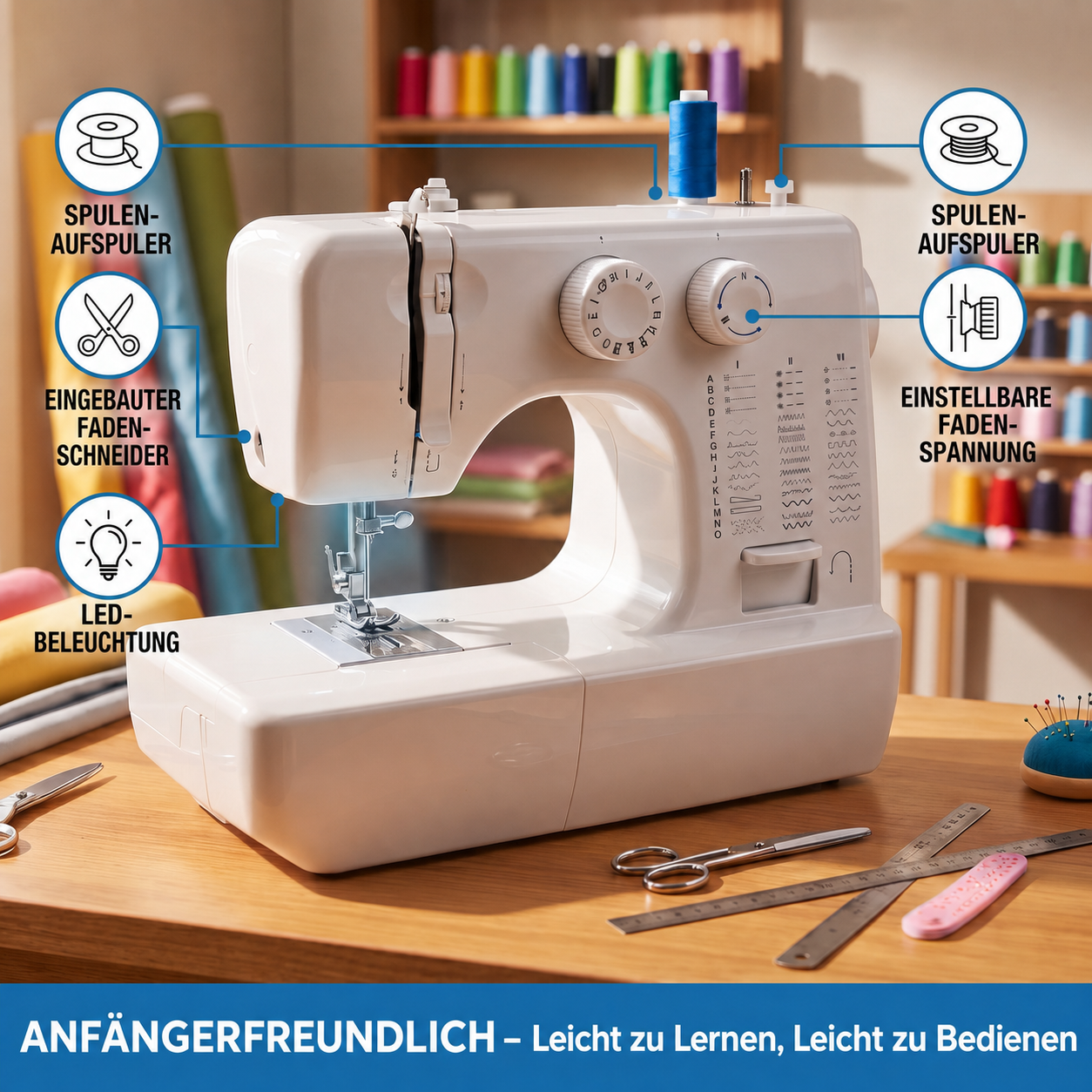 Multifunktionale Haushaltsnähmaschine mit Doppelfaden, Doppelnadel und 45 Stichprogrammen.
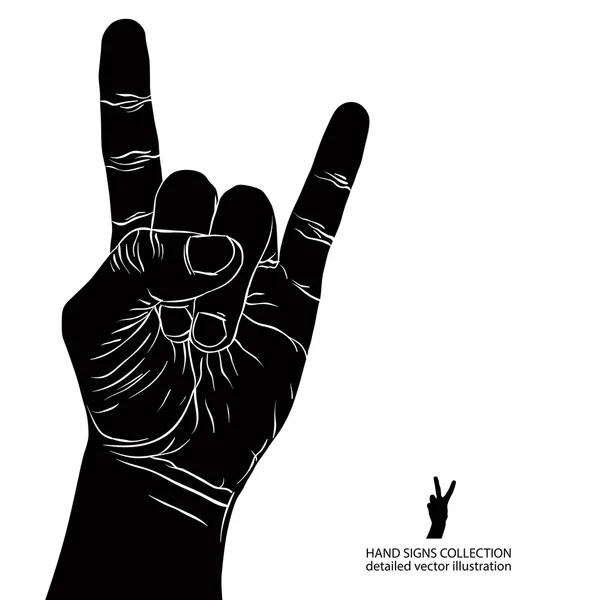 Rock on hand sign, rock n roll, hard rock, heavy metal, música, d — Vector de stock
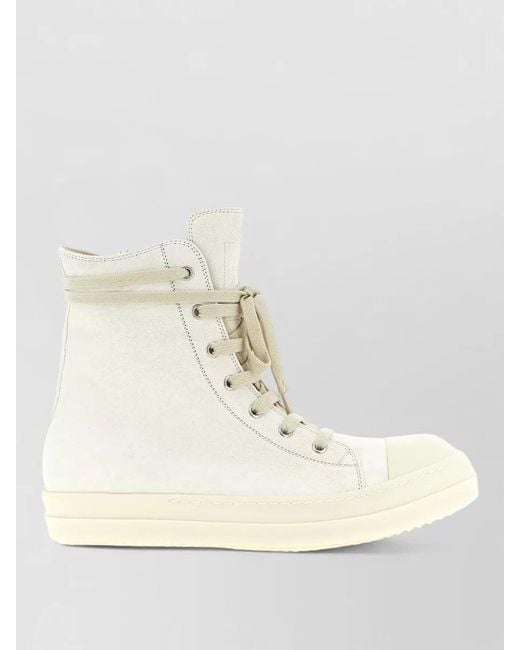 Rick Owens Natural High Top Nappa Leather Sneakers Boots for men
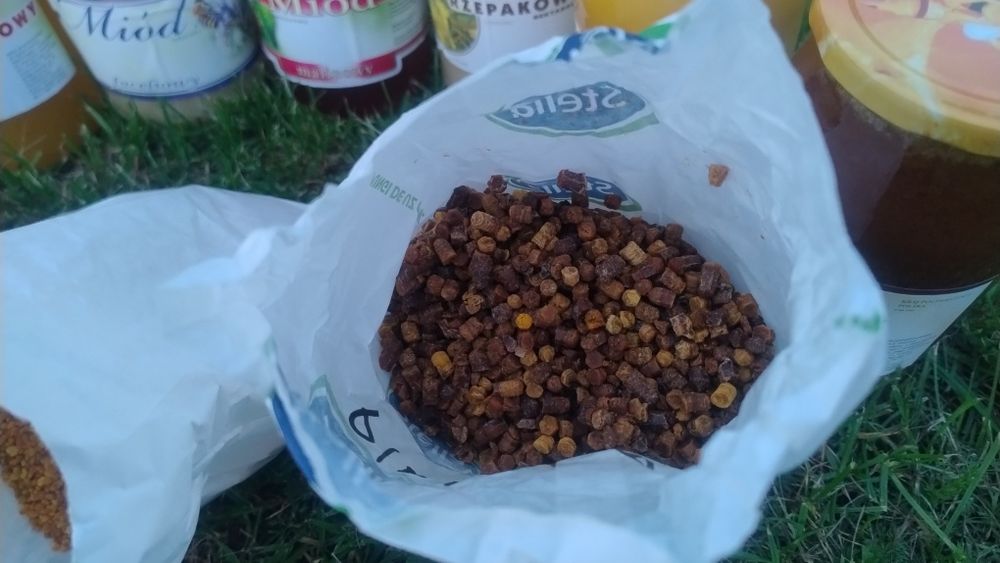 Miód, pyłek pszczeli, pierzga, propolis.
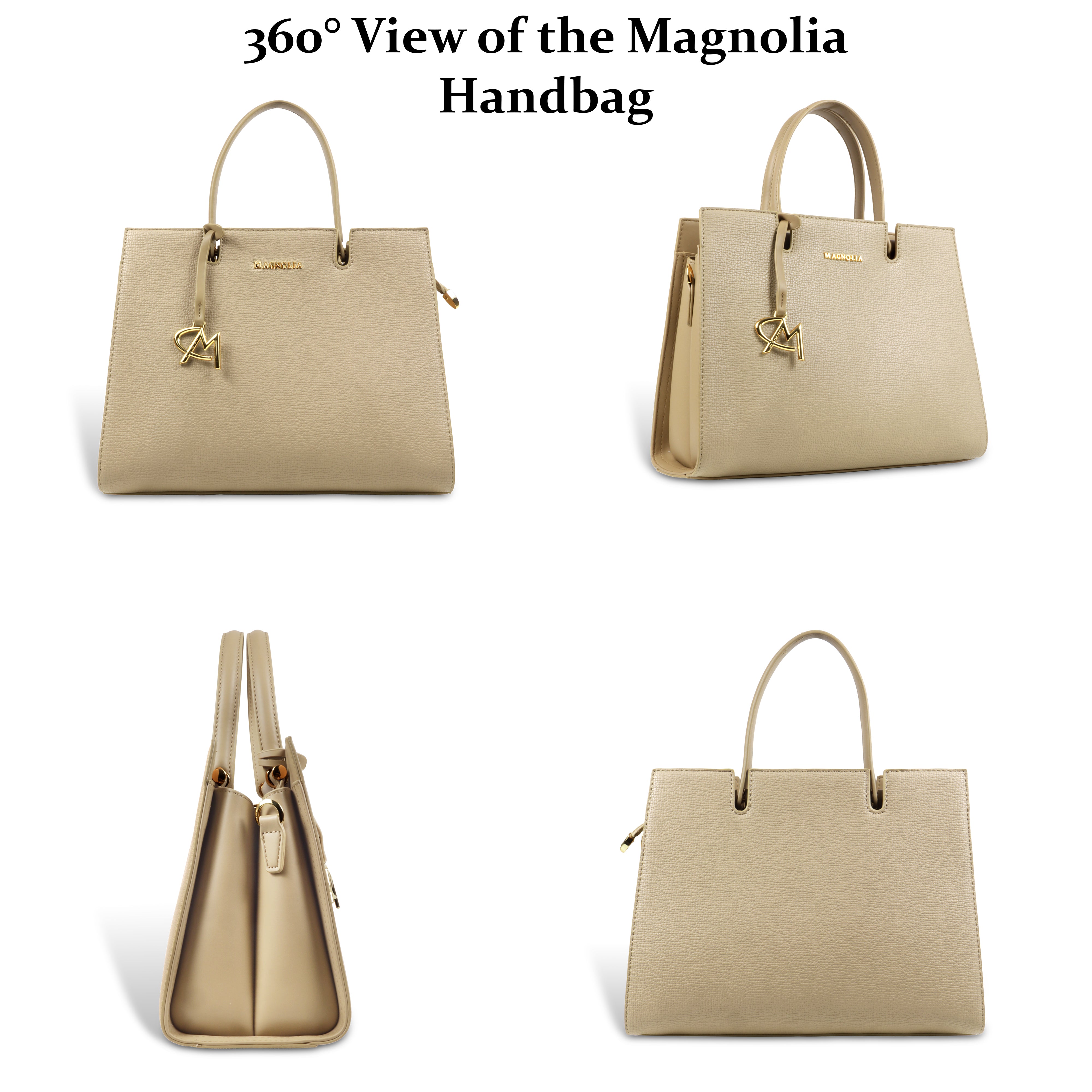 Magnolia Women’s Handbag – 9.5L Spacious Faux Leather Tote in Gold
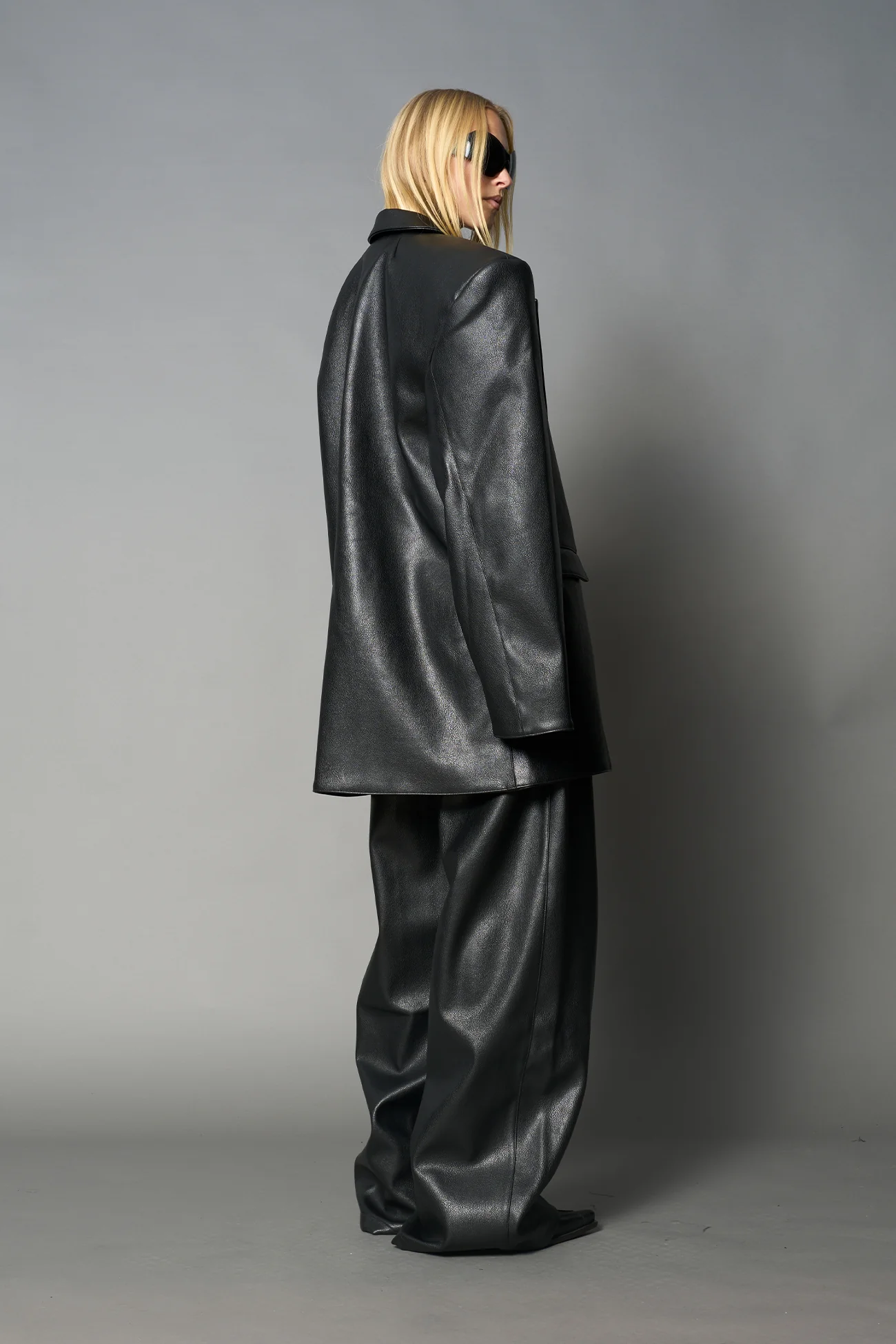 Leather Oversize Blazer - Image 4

## TASK
Everything in the listing above except the pictures should be duplicated exactly.

## SOLVED PROBLEM
 Multifunktionale Haushaltsnähmaschine mit Doppelfaden, Doppelnadel und 45 Stichprogrammen.
 Rock on hand sign, rock n roll, hard rock, heavy metal, música, d — Vector de stock
 Rick Owens Natural High Top Nappa Leather Sneakers Boots for men
 Miód, pyłek pszczeli, pierzga, propolis.
 Magnolia Women’s Handbag – 9.5L Spacious Faux Leather Tote in Gold
 Leather Oversize Blazer - Image 4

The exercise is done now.